2000年、Public Library of Science(PLoS) という研究者集団が、公開状を出版社に対して示した。その主張は、掲載論文を出版後6ヵ月以内に公共的なアーカイブに無償提供すべし、これに協力しない出版社の雑誌には投稿も購読もしない、というものであった。これに同調した研究者は34,000人に達したといわれる。ついでながら、PLoSには実業家にして Popper の弟子である Sorosが資金援助をしている。
  2001年、Budapest Open Access Initiative(BOAI) が開催された。
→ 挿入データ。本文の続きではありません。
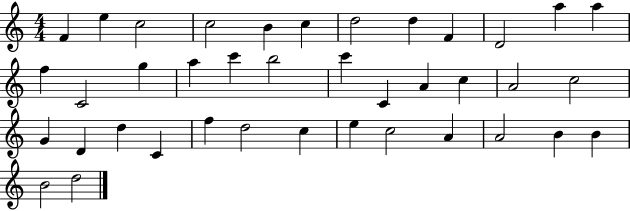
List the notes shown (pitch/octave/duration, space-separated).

その主張は、論文の全テキストに対するインターネット経由での自由なアクセスを求めるものであり、そのアクセスには、読む、ダウンロード、複写、範囲、印刷、検索、リンク、ロボットで読む、ソフトウェアで使うなどの操作を含む、というものであった。この会議は SPARCや PLoS の関係者が推進したものであった。
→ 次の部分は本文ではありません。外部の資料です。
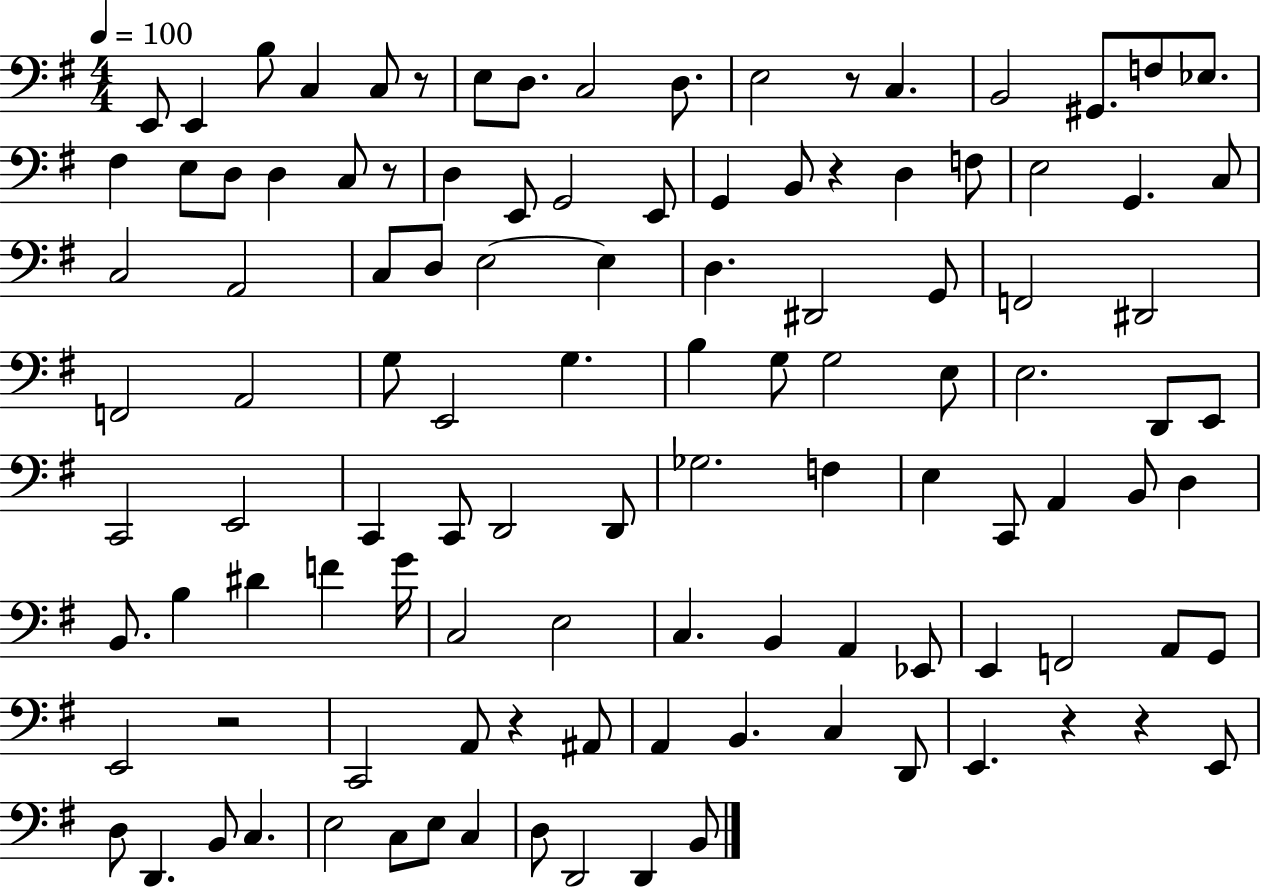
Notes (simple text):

  BOAIの理念は、その後、多様な形で受け継がれる。2003年にはベセスダとベルリンでオープン・アクセスに関する国際会議が相継いで開催された。いずれも雑誌のオープン化を進めることを訴えるものであり、とくに研究機関や研究助成機関にその協力を求めるものであった。オープン化の要求は研究者自身から研究コミューニティへと拡大した。
 
4.2 そのモデル
 オープン化の実現については、その議論のなかで二つの方策が見えてきた(4,9,11)。その第1 はオープン・アクセス雑誌の発行であり、その前提となる著者支払い方式の採用である。
 雑誌の発行については、その費用が電子化によって小さくなったとしても、それをだれかが負担しなければならない。これを著者にさせる方式である。もし、投稿時点で出版費用を回収できれば、その出版後のオープン化は可能になる。
 もともとSTM 系の雑誌においては投稿料という形で著者が出版コストの一部を負担する慣行があった。ここで提案された方式はこれを拡張した形になる。このコストを研究者自身ではなく、研究者の所属する機関に負担させる方式もありうる。これをスポンサシップ費と呼ぶ。
  この方式は PLoS がはじめた。その価格は 1論文あたり 2,000-2,500ドルである。この方式はしだいに出版社も巻き込むようになった。たとえば Elsevier 社はここに 3,000ドルという価格を設定している。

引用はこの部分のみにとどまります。